**Activity**
Only the lines from the beginning of the entries through the one with "Hyundai Lead id 4240386 из Китая 9" should be written out, please, exactly and without any pictures.

[Dataset items]

::::::::::

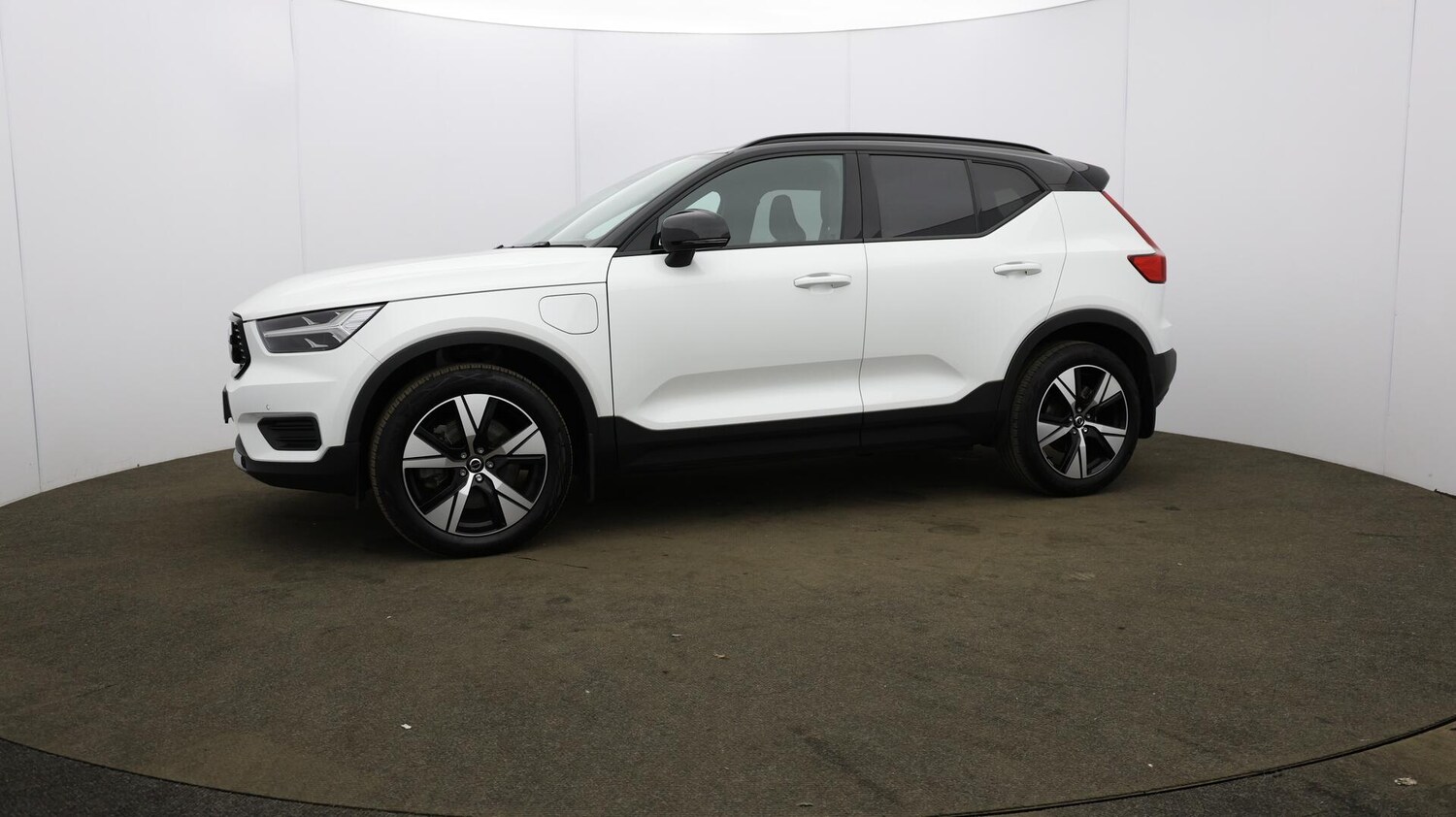 Used Volvo XC40 2022 for sale - 75990896: Photo 38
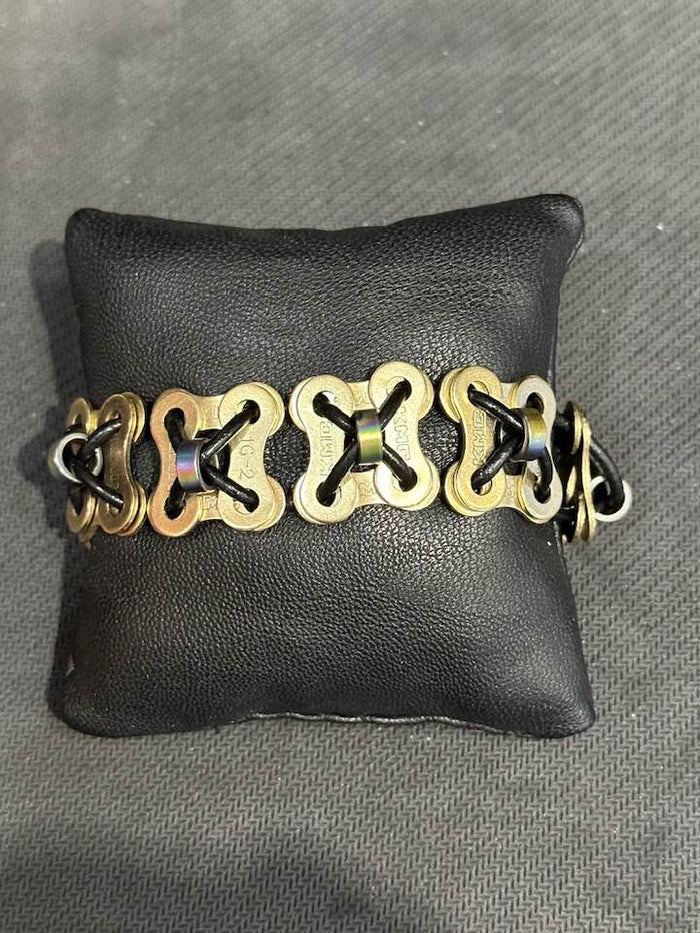 X's & O's Woven Leather & Chain Link - Unisex Bracelet - Element Tri & Bicycle Works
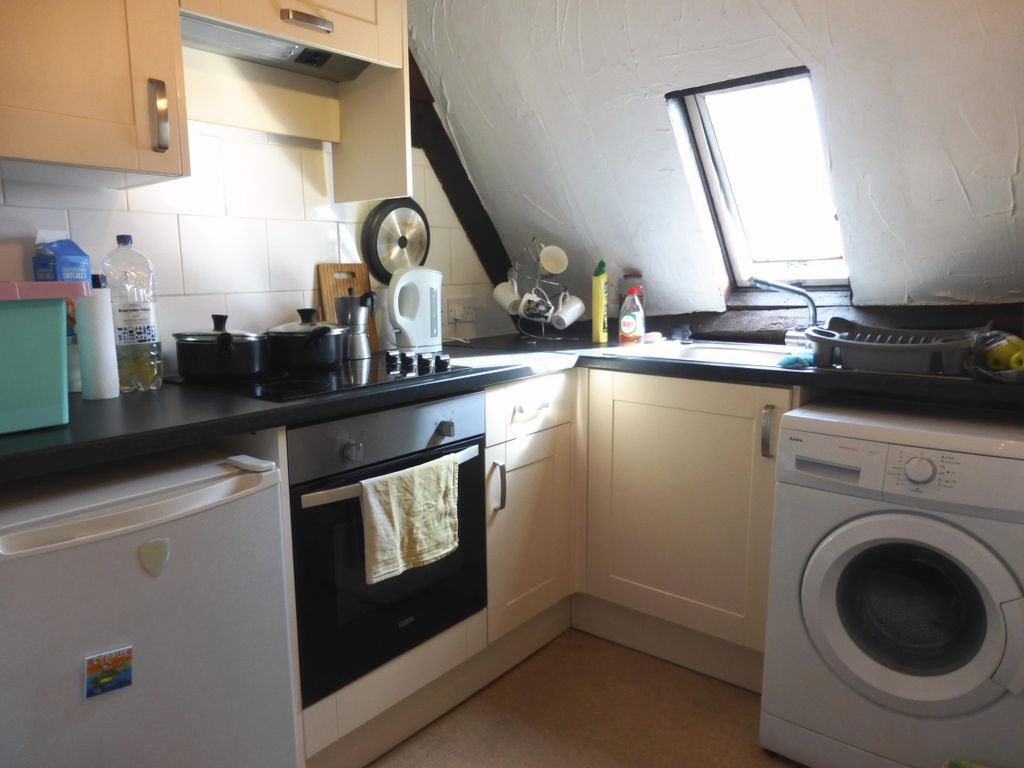 Property photo 2 of 6 Kitchen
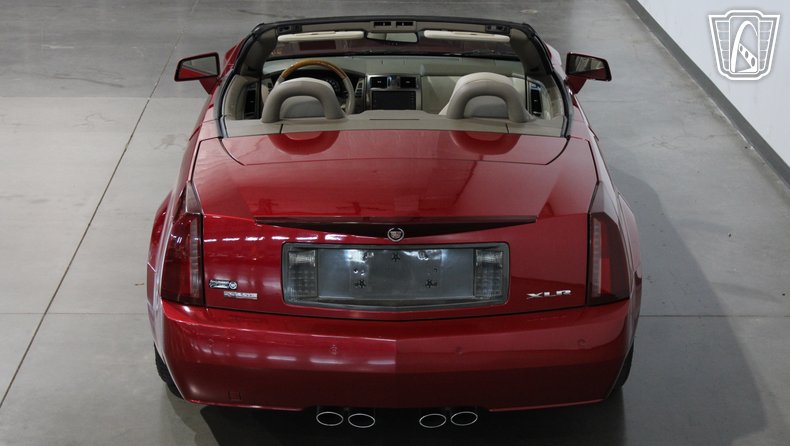2004 Cadillac XLR 19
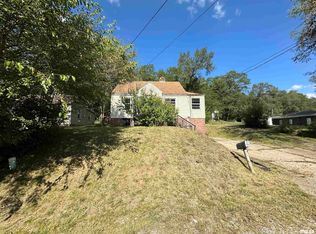 213 Maywood Ave, Creve Coeur, IL
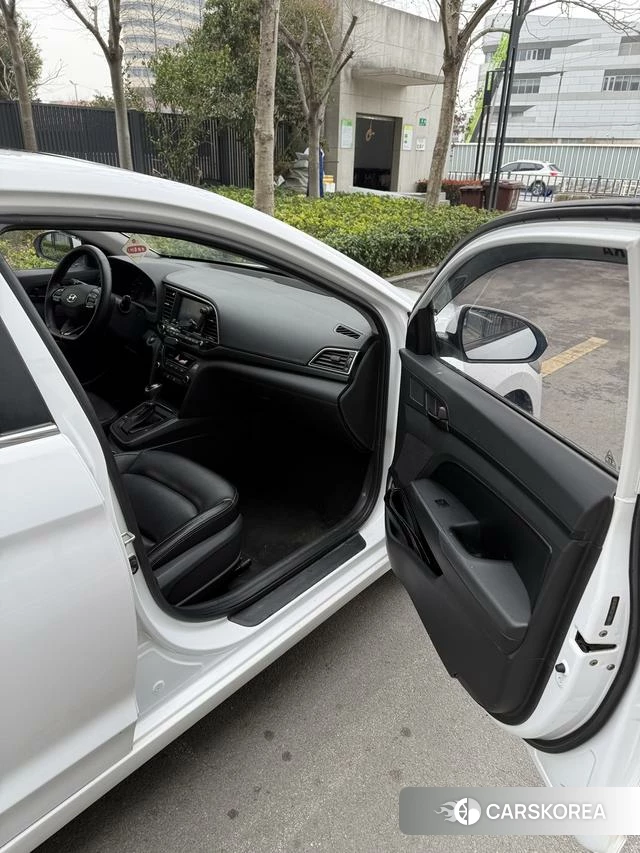 Hyundai Lead id 4240386 из Китая 9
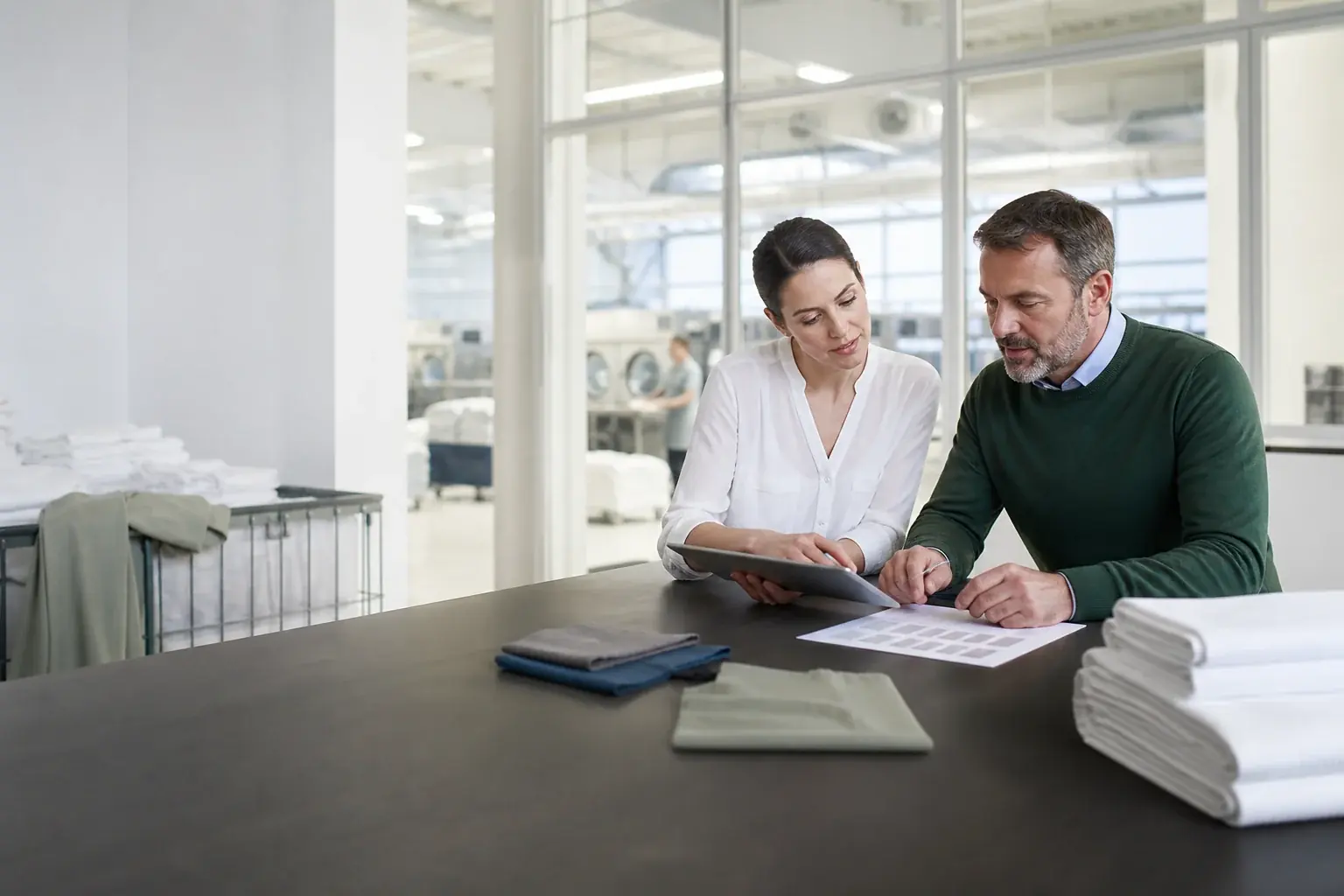 Professionnels consultant des informations de service textile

::::::::::

**Exercise response**
 Used Volvo XC40 2022 for sale - 75990896: Photo 38
 X's & O's Woven Leather & Chain Link - Unisex Bracelet - Element Tri & Bicycle Works
 Property photo 2 of 6 Kitchen
2004 Cadillac XLR 19
 213 Maywood Ave, Creve Coeur, IL
 Hyundai Lead id 4240386 из Китая 9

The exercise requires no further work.